Beginning at the line that contains "File:DNZ-09-TA-006.pdf" and finishing at the line that contains "white vellum folder", output the data below exactly. Include both end lines and no pictures.

SOURCE INFORMATION:
-- Opening Marker --

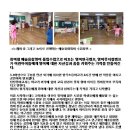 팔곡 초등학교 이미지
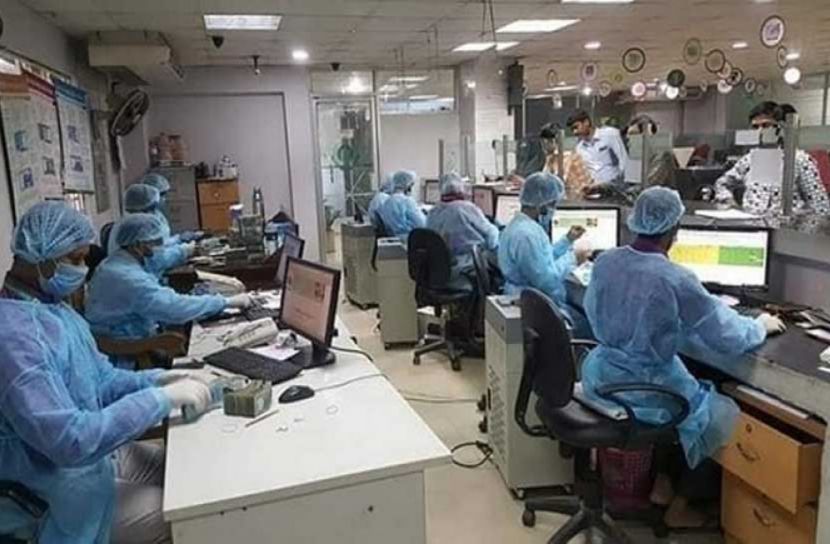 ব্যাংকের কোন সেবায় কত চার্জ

-- Closing Marker --
-- Opening Marker --

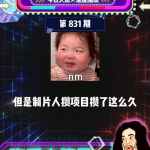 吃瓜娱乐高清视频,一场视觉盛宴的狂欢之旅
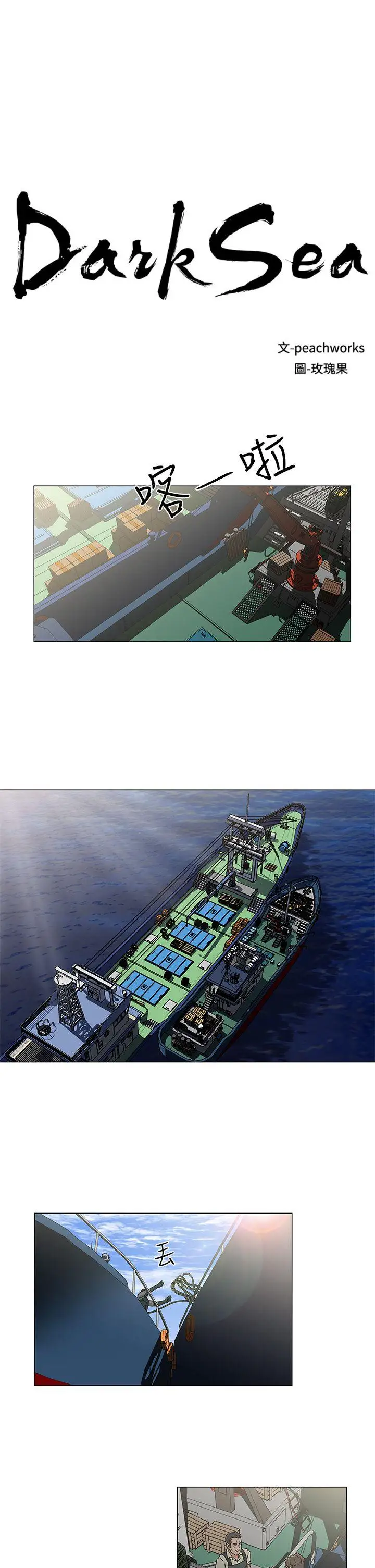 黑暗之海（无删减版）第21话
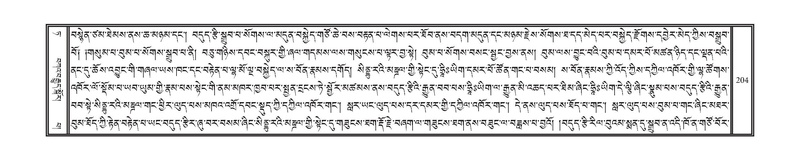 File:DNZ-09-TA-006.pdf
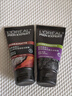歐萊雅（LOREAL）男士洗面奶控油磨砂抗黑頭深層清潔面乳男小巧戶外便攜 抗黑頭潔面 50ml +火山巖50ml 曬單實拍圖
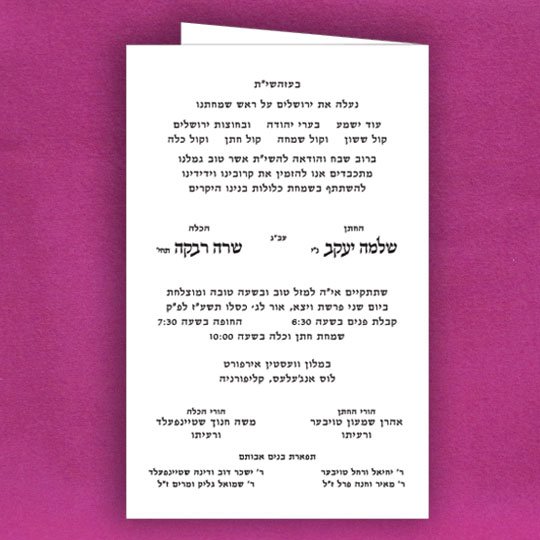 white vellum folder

-- Closing Marker --
-- Opening Marker --

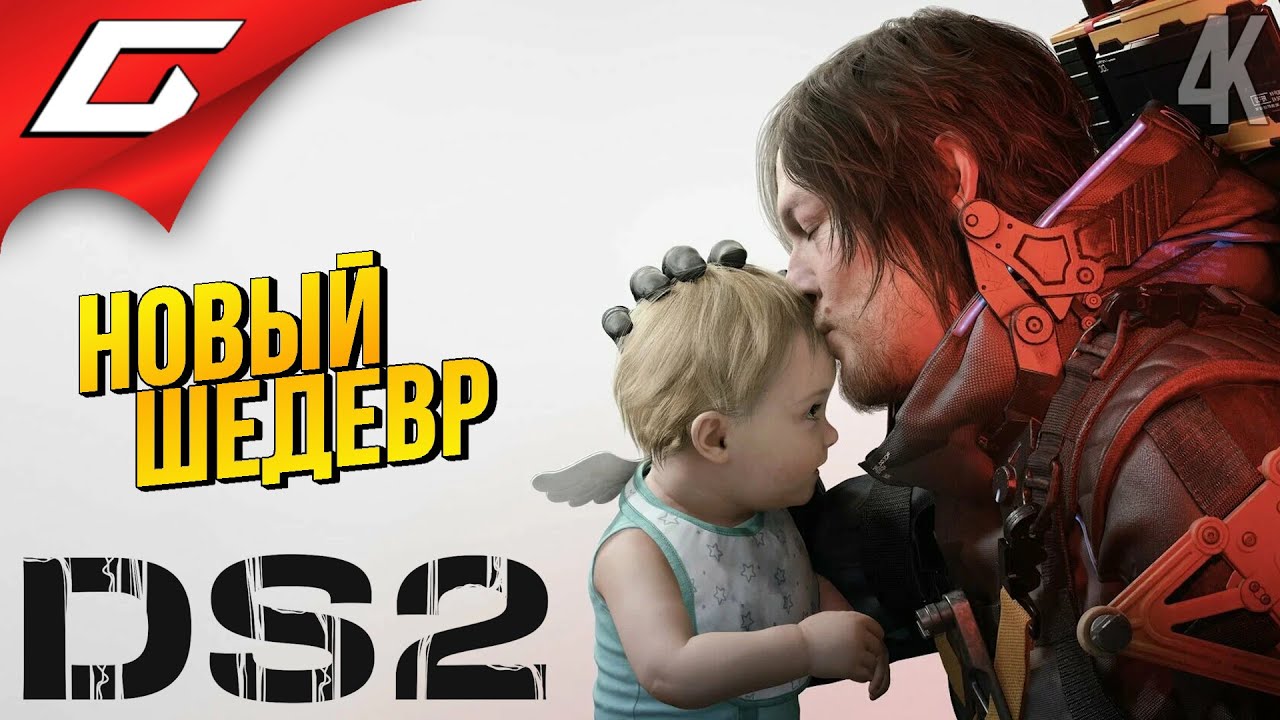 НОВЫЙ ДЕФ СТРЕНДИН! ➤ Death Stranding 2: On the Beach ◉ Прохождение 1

-- Closing Marker --

OUTPUT FOR THIS TASK:
 File:DNZ-09-TA-006.pdf
歐萊雅（LOREAL）男士洗面奶控油磨砂抗黑頭深層清潔面乳男小巧戶外便攜 抗黑頭潔面 50ml +火山巖50ml 曬單實拍圖
 white vellum folder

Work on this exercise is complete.